A hereditary disease of the nervous system - spinocerebellar degeneration - with lower limb muscular atrophy, sensory ataxia, bilateral pes cavus, loss of deep reflexes and sometimes upgoing toes on examination of the plantar reflex.

Description

A hereditary disease of the nervous system - spinocerebellar degeneration - with lower limb muscular atrophy, sensory ataxia, bilateral pes cavus, loss of deep reflexes and sometimes upgoing toes on examination of the plantar reflex. Sometimes severe curvature of the spine (scoliosis), and digital clawing and club feet. Cerebellar signs are often mild with truncal ataxia being the most prominent. Inheritance is autosomal dominant. Onset is during infancy or childhood. Symptoms include clumsiness of the hands, and disturbance of gait caused by impaired equilibrium. Symptoms first appear in early childhood and progress slowly throughout life.

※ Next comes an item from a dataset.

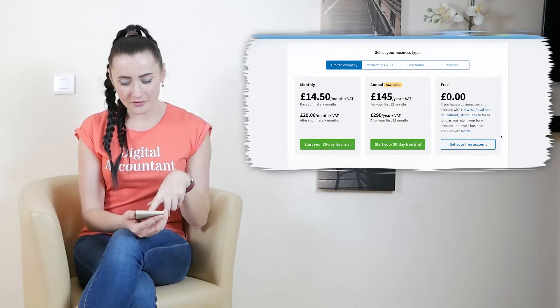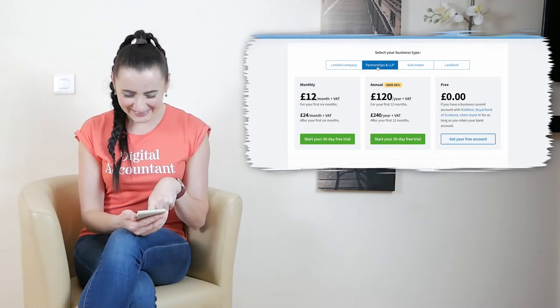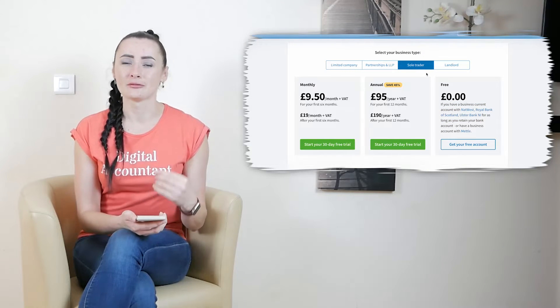Now about pricing — and not about cheaper vs. expensive packages. FreeAgent is free if you have an account with certain banks or financial institutions: NatWest, Royal Bank of Scotland, Ulster Bank, Mettle, and some others. I dug into this and found that NatWest actually acquired FreeAgent in 2018, which is why their account holders get it for free.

Inheritance is autosomal dominant.

It was reported by Roussy and Lévy in 1926. Spillane in 1940 described a family with 21 members, 16 of whom showed typical signs of this syndrome, four had an explosive type of speech, two or three showed signs of typical peroneal muscular atrophy, and one showed Friedreich's ataxia. Additional associated features, such as kyphoscoliosis, mental deficiency, and localized muscular atrophies, were later reported by various writers.

As described by Roussy and Lévy, the condition is first seen in infancy when there is a noticeable delay in walking.

This syndrome may be distinguished from Friedreich's ataxia by the absence of cerebellar and pyramidal signs; from Charcot-Marie-Tooth syndrome by the absence of sensory and vasomotor changes.

Independent of Roussy and Lévy the condition was described by Symonds and Shaw and by Rombold and Riley. J. Laprèsle 30 years later published a conclusive investigation of the course in four of Roussy and Lévy’s cases,

Bibliography

  • G. Roussy, G. Lévy:
    Sept cas d’une maladie familiale particulière: Troubles de la marche, pieds bots et aréflexie tendineuse généralisée, avec, accessoirement, légère maladresse des mains.
    Revue neurologique, Paris, 1926, 1: 427-450. La dystasie aréflexique héréditaire.
    Presse médicale, Paris, 1932, 40: 1733.
  • C. P. Symonds, M. E. Shaw:
    Familial claw-foot with absent tendon jerks: A forme fruste of the Charcot-Marie-Tooth disease.
    Brain, Oxford, 1926, 49: 387-403.
  • R. R. Rombold, H. A. Riley:
    The abortive type of Friedreich’s disease.
    Archives of Neurology and Psychiatry, Chicago, 1926, 16: 301-312.
  • J. Laprèsle:
    Contribution à l’étude de la dystasie aréflexique héréditaire. État actuel de 4 des 7 cas princeps de Roussy et Mlle. Lévy, 30 ans après la première publication de ces auteurs.
    Semaine des hôpitaux de Paris, 1956, 32: 2473-2482.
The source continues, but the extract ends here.